== Supplied material ==
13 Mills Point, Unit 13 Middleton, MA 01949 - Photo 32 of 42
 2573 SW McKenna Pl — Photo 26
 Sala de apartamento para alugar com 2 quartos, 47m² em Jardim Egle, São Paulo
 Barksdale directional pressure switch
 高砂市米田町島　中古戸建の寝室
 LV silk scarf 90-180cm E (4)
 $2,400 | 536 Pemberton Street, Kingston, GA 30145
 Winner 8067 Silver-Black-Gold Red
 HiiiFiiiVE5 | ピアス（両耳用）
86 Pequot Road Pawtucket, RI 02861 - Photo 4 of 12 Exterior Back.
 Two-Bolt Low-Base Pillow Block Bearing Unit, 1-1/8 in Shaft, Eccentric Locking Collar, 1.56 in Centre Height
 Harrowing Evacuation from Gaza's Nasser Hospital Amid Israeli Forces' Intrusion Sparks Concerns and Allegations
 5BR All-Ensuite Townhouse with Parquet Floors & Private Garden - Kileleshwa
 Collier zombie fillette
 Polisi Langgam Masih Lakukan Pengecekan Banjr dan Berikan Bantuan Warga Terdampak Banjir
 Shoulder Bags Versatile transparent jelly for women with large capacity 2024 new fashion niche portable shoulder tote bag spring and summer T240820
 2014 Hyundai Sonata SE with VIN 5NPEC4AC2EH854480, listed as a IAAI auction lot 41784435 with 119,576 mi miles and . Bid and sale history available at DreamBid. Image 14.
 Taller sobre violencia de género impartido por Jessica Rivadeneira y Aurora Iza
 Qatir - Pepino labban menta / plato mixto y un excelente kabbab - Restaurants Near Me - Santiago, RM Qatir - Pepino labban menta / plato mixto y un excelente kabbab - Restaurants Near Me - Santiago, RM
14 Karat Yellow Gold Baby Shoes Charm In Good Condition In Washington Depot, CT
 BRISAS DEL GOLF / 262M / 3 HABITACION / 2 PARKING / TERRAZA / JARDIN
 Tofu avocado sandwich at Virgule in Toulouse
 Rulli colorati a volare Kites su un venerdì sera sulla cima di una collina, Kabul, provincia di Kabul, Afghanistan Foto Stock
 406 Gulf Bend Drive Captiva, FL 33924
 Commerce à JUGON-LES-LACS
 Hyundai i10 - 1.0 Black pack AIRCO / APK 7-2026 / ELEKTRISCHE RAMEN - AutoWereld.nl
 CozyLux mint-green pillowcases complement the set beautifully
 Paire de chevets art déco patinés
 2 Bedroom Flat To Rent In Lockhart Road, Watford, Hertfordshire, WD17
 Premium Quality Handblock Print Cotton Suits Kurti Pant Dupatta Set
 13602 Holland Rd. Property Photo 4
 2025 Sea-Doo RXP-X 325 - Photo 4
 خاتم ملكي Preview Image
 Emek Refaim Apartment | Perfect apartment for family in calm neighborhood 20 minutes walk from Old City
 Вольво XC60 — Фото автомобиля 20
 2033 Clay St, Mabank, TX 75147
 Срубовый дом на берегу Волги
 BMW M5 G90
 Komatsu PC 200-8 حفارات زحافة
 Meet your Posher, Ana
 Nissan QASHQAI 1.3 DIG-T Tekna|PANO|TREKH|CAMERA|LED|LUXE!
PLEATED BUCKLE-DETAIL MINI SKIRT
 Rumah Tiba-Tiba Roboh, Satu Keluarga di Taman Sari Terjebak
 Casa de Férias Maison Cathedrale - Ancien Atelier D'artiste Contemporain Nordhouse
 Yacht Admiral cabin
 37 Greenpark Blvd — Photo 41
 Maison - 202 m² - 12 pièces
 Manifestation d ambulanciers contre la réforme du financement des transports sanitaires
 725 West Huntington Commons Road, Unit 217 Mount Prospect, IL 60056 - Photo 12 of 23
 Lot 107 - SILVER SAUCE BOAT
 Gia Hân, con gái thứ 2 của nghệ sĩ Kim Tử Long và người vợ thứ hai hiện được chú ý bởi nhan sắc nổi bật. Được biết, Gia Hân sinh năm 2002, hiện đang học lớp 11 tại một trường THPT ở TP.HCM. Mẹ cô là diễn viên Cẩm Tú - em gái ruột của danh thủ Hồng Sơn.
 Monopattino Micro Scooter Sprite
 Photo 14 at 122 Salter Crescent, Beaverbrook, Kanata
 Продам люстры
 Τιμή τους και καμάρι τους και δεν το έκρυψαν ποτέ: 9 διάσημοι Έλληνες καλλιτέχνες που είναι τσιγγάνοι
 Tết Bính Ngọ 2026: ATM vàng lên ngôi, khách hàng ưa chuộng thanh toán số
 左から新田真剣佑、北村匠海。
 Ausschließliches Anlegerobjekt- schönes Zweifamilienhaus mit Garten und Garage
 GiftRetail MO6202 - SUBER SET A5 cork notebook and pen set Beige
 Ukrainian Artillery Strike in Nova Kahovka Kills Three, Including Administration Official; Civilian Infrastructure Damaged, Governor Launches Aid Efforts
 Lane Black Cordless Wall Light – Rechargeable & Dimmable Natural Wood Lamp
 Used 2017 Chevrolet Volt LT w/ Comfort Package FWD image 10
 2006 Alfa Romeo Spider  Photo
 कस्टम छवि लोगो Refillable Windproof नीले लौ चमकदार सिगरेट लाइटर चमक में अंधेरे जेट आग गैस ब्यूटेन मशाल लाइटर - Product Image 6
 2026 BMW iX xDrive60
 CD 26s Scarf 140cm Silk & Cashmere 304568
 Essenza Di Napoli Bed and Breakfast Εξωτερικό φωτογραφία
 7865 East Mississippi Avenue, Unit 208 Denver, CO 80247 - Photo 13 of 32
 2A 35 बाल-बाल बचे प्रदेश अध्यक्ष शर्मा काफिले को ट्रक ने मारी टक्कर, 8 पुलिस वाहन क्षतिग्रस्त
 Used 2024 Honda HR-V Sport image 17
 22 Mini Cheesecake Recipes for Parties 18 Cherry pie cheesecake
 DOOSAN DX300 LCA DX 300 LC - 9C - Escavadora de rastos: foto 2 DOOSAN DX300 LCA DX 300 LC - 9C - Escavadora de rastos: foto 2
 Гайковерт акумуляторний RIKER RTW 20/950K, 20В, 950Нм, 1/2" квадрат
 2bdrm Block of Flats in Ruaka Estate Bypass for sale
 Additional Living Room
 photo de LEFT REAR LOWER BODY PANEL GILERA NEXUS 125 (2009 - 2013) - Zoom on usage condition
===
Your instructions: Print exactly the lines that run from the line containing "22 Mini Cheesecake" to the end of the data, both ends included.

Finished task:
 22 Mini Cheesecake Recipes for Parties 18 Cherry pie cheesecake
 DOOSAN DX300 LCA DX 300 LC - 9C - Escavadora de rastos: foto 2 DOOSAN DX300 LCA DX 300 LC - 9C - Escavadora de rastos: foto 2
 Гайковерт акумуляторний RIKER RTW 20/950K, 20В, 950Нм, 1/2" квадрат
 2bdrm Block of Flats in Ruaka Estate Bypass for sale
 Additional Living Room
 photo de LEFT REAR LOWER BODY PANEL GILERA NEXUS 125 (2009 - 2013) - Zoom on usage condition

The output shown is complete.